Many people are going to be wondering what their options are if their marriages are deteriorating under the stress of these difficult times. We have been warned to expect a spike in couples seeking to divorce due to the pressures brought on by COVID-19.
But is divorcing even possible during a coronavirus lockdown?
At Seattle Divorce Services we are currently doing most of our work online. We are working with clients by phone and email, and are also implementing video conferencing abilities.
We have been seeing the situation with the courts change almost daily. They are scrambling to find ways to keep providing court services while keeping litigants safe. Law firms as well are making changes to adapt to the new reality and changing government measures.
At present, the courts are limiting the kinds of matters they can hear to the most pressing cases and are pretty much handling those hearings by telephone. While we do have the ability to file and finalize divorce cases online, because the situation as to hearings is in flux, other options are needed.
Fortunately, because of our firm’s focus on alternative dispute resolution, we are well equipped to help clients proceed through their divorce using other means:
Using mediation or collaboration is one good option that maintains COVID-19 safety.
Those methods allow the couple to work together, with professional support, to discuss their issues in an emotionally protective setting and develop mutually agreeable solutions to their divorce issues. The differences between mediation and collaboration primarily come down to the amount of support and protective agreements needed. While public gatherings are limited, alternatives such as video conferencing, phone calls, and email can be used.

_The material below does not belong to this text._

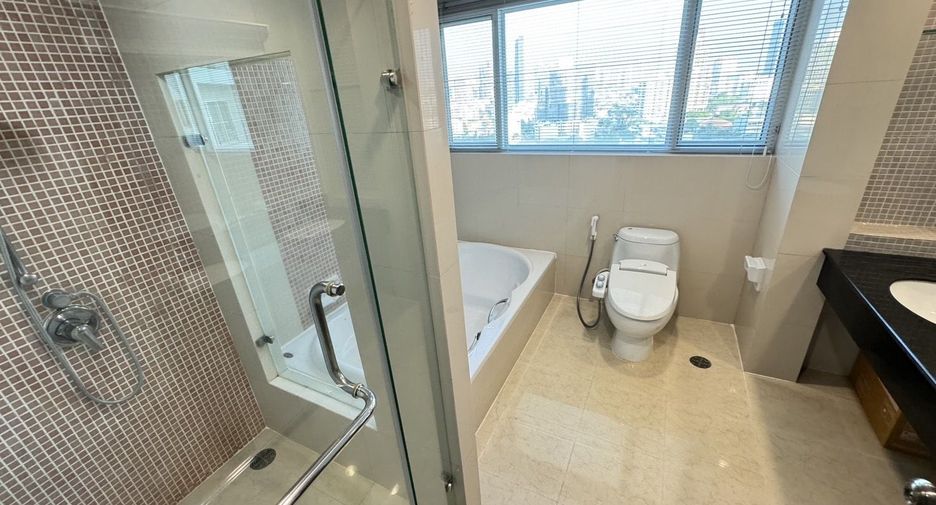For rent 3 bedrooms apartment in Khlong Toei, Bangkok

For cases where the couple does not feel able to work together, another option is arbitration.
This means that if both sides agree, we can hire a private judge to hear whatever issues that need to be decided. This can be done remotely as well. Not only does this allow us to have issues decided that the courts might not be available for, but it allows us to have more say in the timing and even the procedural rules for doing so, which can help the process be as or more efficient than proceeding to court.